• _ABOUT THIS EXERCISE_
Print each record that follows exactly, leaving the pictures behind.
━━━━━━━━━━━━━━━━━━━━━━━━━━━━━━
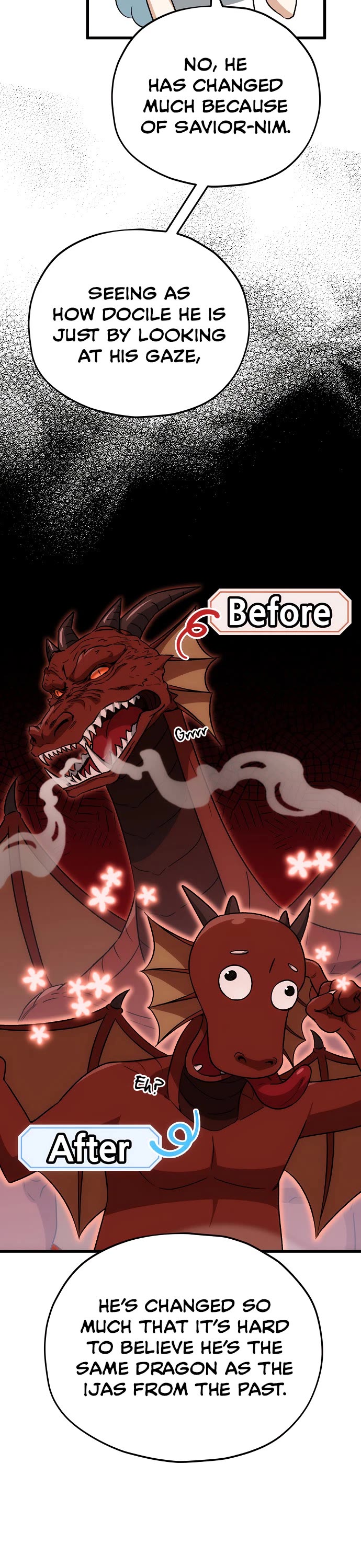 My Dad Is Too Strong Chapter 111 page 21 - Chapter 111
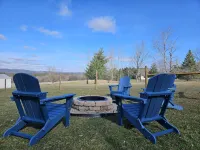 Finger Lakes House has private Pool, Fire Pit & Extra Amenities in Hammondsport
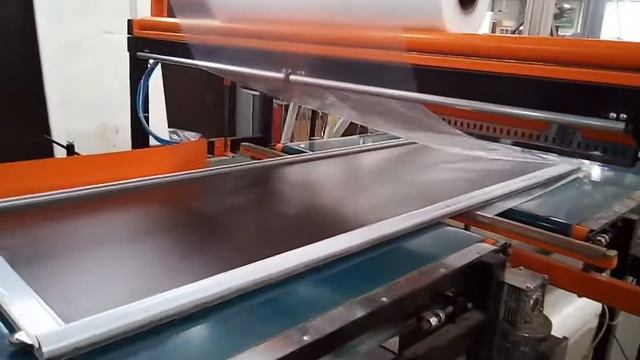 Упаковка дверей ЗАВОД ПРОГРЕСС смотреть онлайн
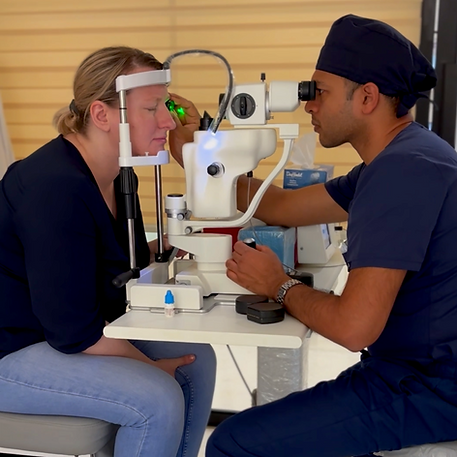 Retina laser By Dr. Mayank Bansal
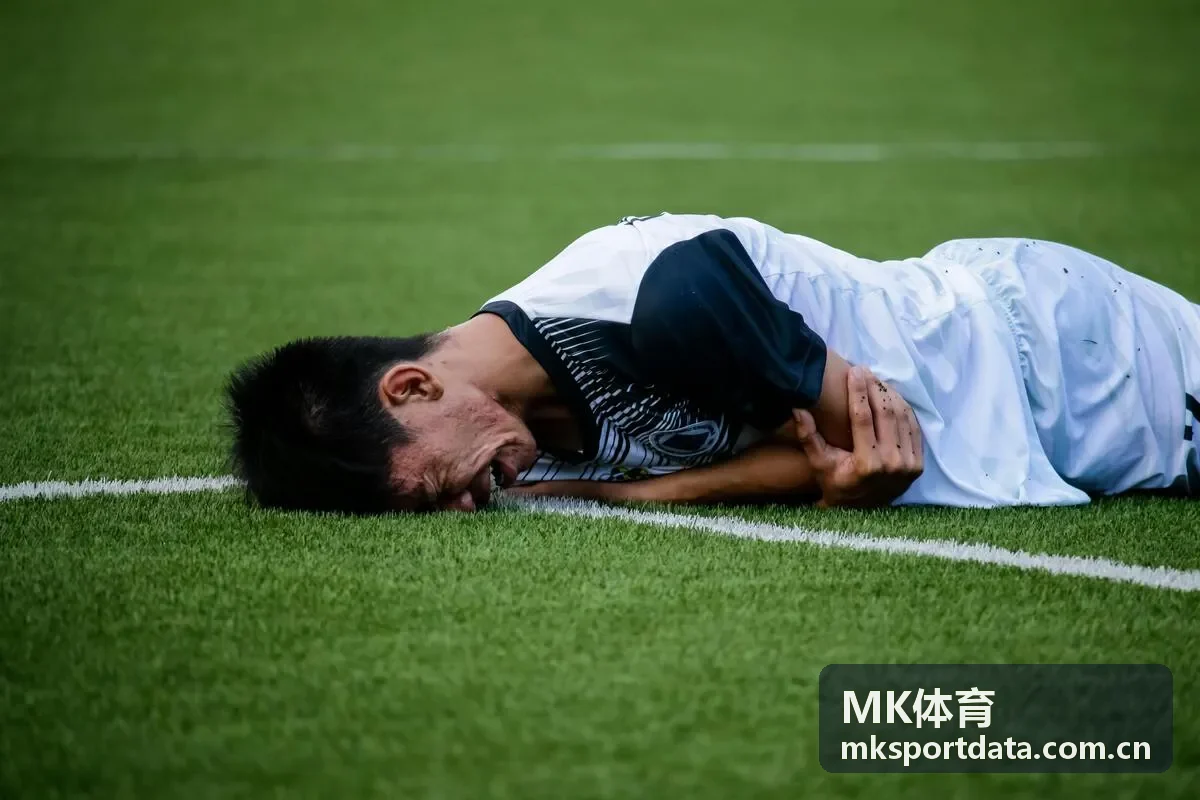 MK体育竞技数据分析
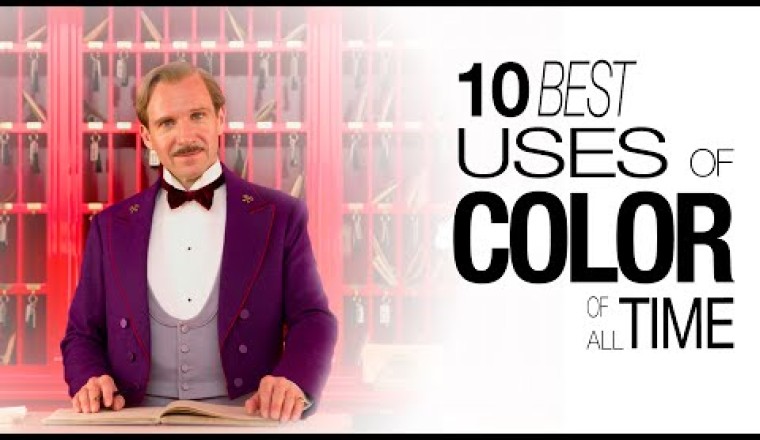 10 Best Uses of Color of All Time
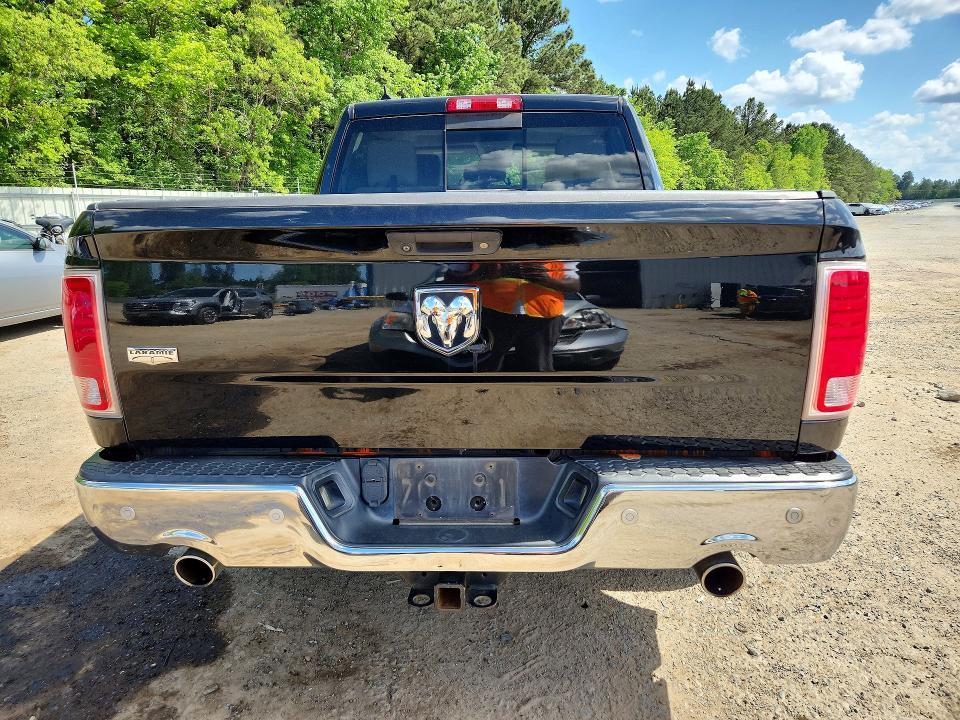 2018 Dodge 1500 Laramie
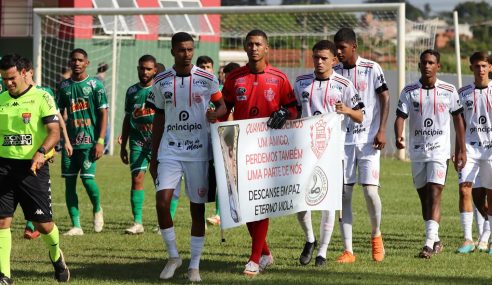 José Bonifácio bate Tanabi por 1 a 0 no Paulista Sub-20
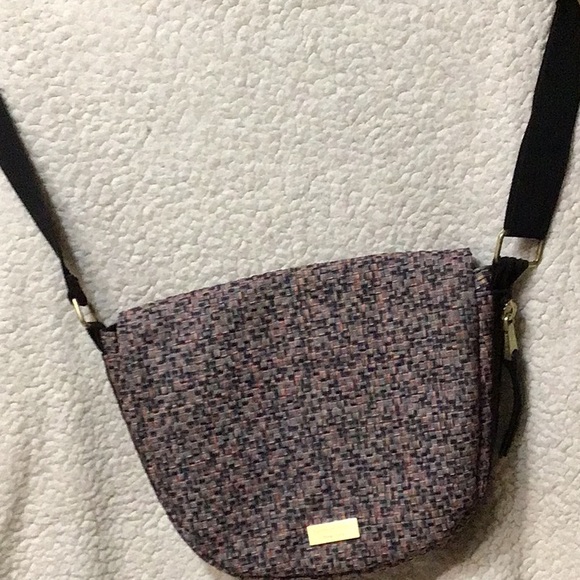 BERNIE MEV CROSSBODY TRAVEL BAG LG FANNIE PK - Picture 6 of 11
━━━━━━━━━━━━━━━━━━━━━━━━━━━━━━
• _FINAL ANSWER_
 My Dad Is Too Strong Chapter 111 page 21 - Chapter 111
 Finger Lakes House has private Pool, Fire Pit & Extra Amenities in Hammondsport
 Упаковка дверей ЗАВОД ПРОГРЕСС смотреть онлайн
 Retina laser By Dr. Mayank Bansal
 MK体育竞技数据分析
 10 Best Uses of Color of All Time
 2018 Dodge 1500 Laramie
 José Bonifácio bate Tanabi por 1 a 0 no Paulista Sub-20
 BERNIE MEV CROSSBODY TRAVEL BAG LG FANNIE PK - Picture 6 of 11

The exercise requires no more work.